Add to this the other usual themes like better performance, redundancy, easy scalability, etc., we have a perfect recipe for recession.

Back in those days, when John McCain was predicting that our economy is fundamentally strong, Zoli predicted that

In fact I suspect the looming downturn will accelerate the structural changes in the software industry: SaaS players will thrive,  traditional on-premise vendors will shrink, many will disappear.

He is not a prophet but he made a very solid prediction and summarized his post as follows

In summary, Software businesses that combine good old business sense: frugality, spending wisely, delivering value to businesses and getting paid for it, with a new business model, SaaS are likely winners in the downturn.  The rest are playing musical chairs.

He followed it up with another post highlighting what many others in the industry told at that time. Everyone was confident that SaaS (and also the other components of Cloud Computing) will thrive in the recession. But people with high stakes in the traditional software world dismissed it as a marketing pitch by companies trying to get foothold in the market through Cloud based offerings.

Time has passed since Zoli’s post. John McCain is back at the senate and Sarah Palin is back in Alaska. Recession appears to be much deeper than what it was then. Microsoft, the monopoly like player in the desktop world and who was reluctant to embrace cloud computing till it ceded the market place to other players like Google, has finally agreed that bad economy is good for cloud computing. ENT News, a sister site of Redmond Channel Partner Online, quotes Microsoft exec Doug Hauser as saying

A weakened economy will serve as a catalyst to push enterprises from on-premise computing to accessing services over the Internet cloud

Not only that, he seems to underline what we, the cloud evangelists, are saying for a long time.

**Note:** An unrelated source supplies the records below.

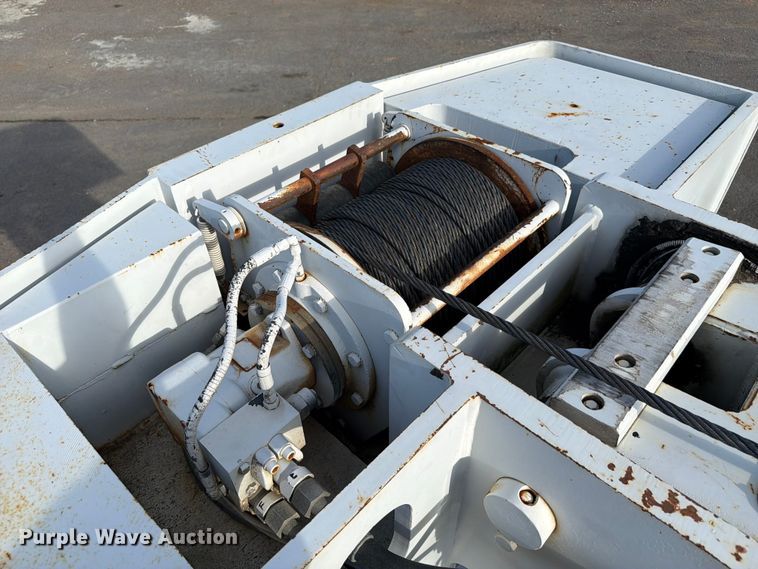 image for item FC3195 2011 Grove CD5540F crane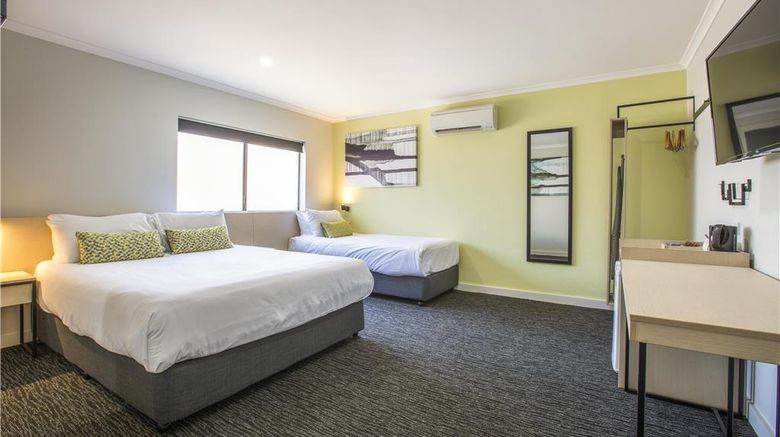 <b>Nightcap at Blue Cattle Dog Hotel Room</b>. Images powered by <a href="https://iceportal.shijigroup.com/" title="IcePortal" target="_blank">IcePortal</a>.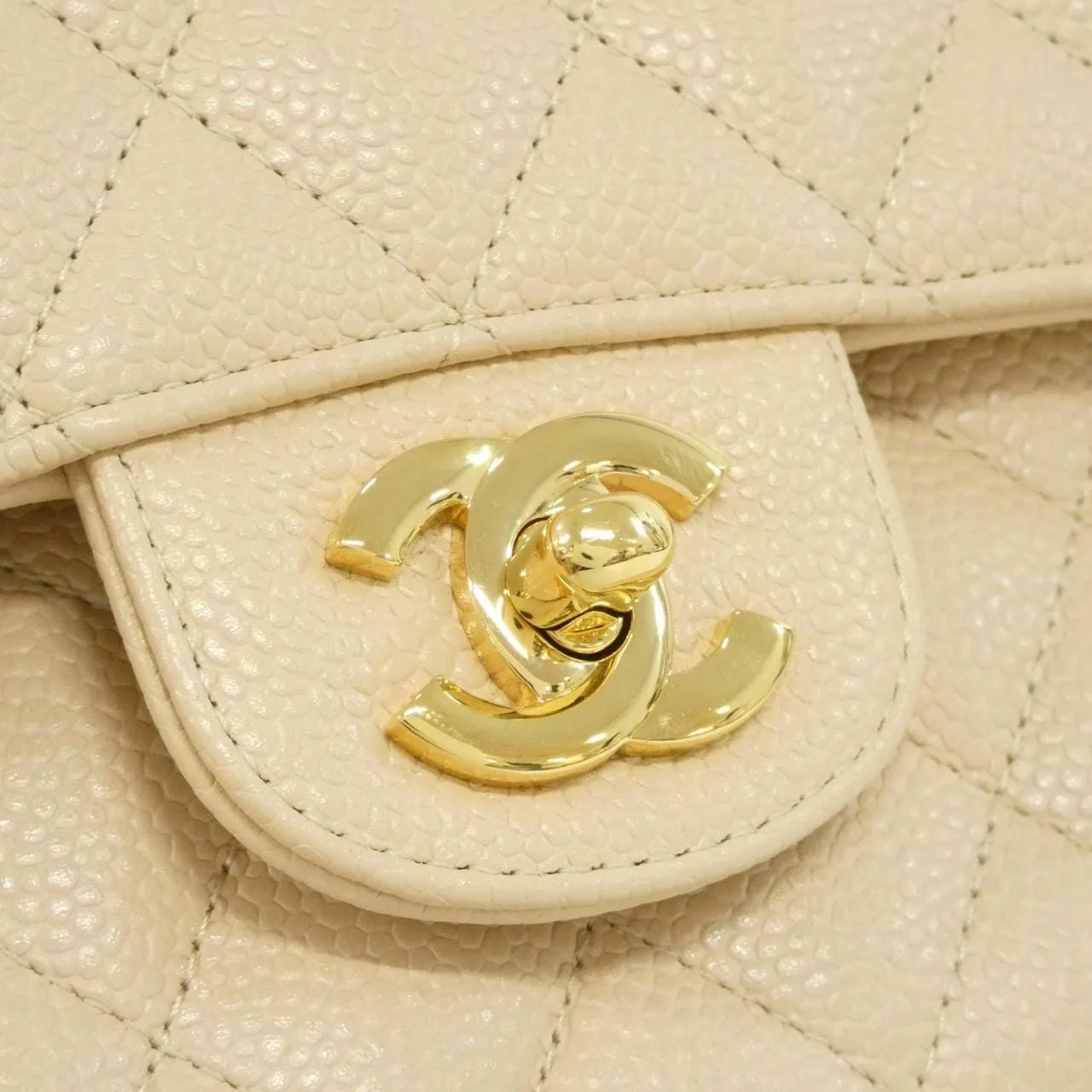 CHANEL Matelasse 1112 Shoulder Grained Calfskin 米色 荔枝紋牛皮 中古品A - 縮圖 4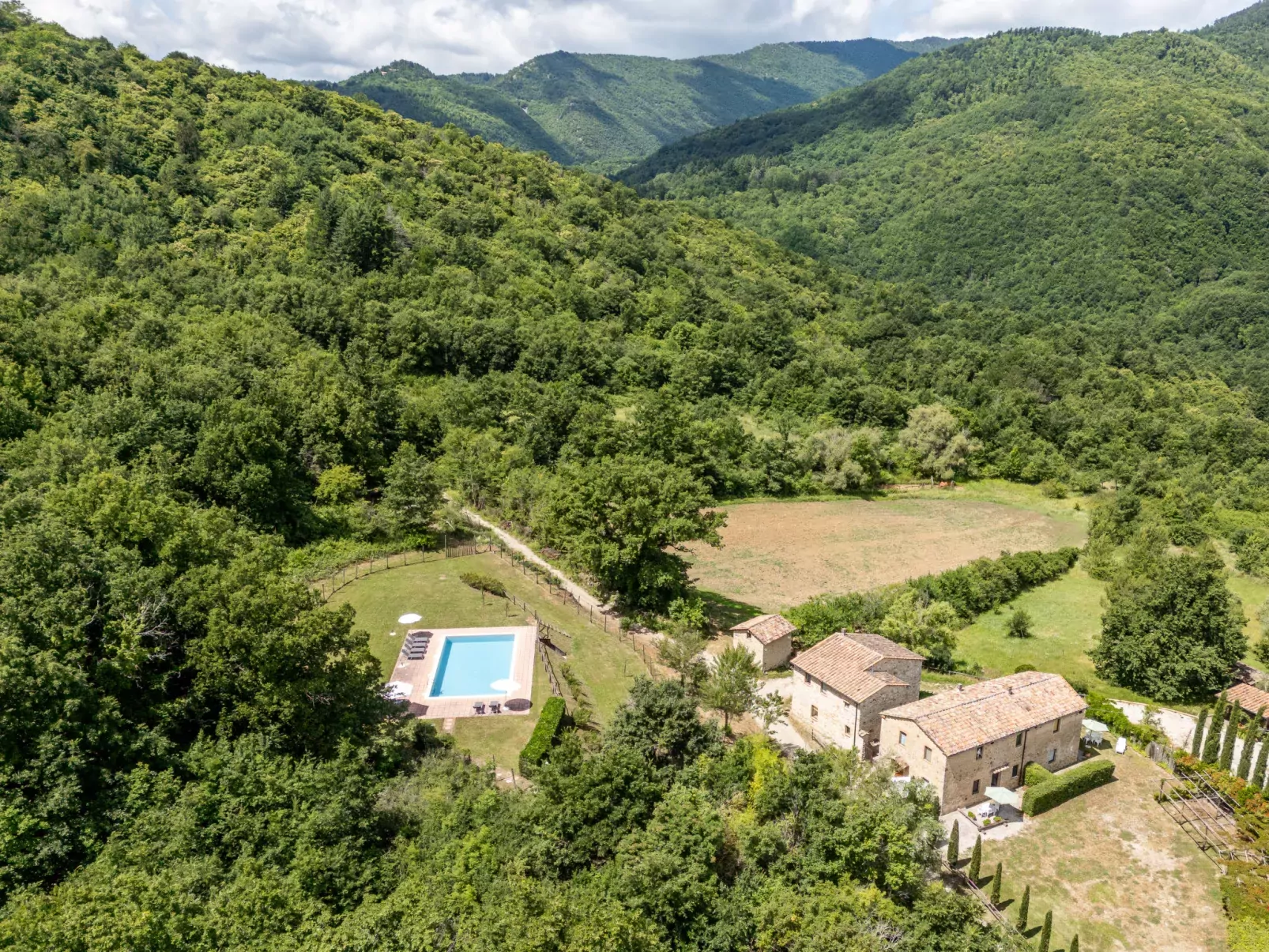 La Casa Antica-Outside
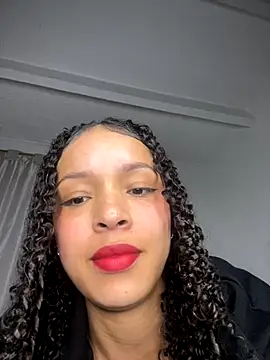 Yasmin777  online show from November 21, 10:52 pm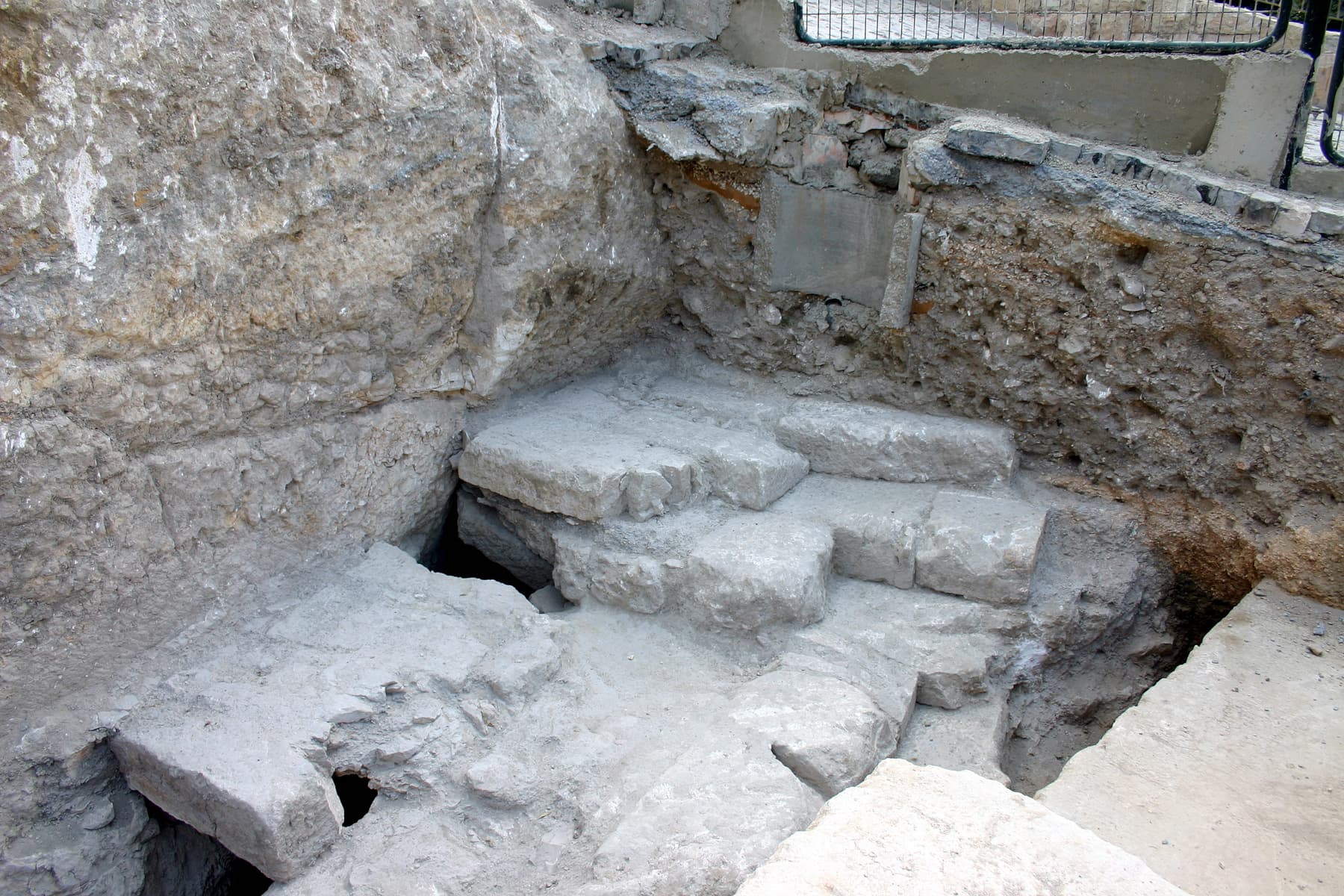 Northeast Corner Detail 2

He said it was pretty much accepted that the small-to-medium business and consumer spaces are "looking at [cloud computing] adoption anyway, regardless of the economic climate."

Thank you Mr. Hauser. Thank you Microsoft. Do we really need to convince the cloud skeptics anymore?

On an unrelated note, I want to use the same article to highlight one point which is obvious by now. It is the enormous savings in SaaS compared to on premise software. In the talk, Mr. Hauser highlights how Exchange as SaaS is much cheaper than Exchange On Demand, in addition to giving more profits to Microsoft.

Hauser described an Exchange implementation where an on-premise cost is $18 a month per user for the software, of which Microsoft gets $3.

"For Exchange Online, we charge $10 a month per user per seat, so our net gain is $7," he said. "The customer actually saves $8. There's a huge benefit to the customer; there's a benefit to us. There are very similar economics to have developer services in the cloud similar to those sorts of online services.

Isn’t it time we stop highlighting the cloud economics and talk more about cloud dynamics?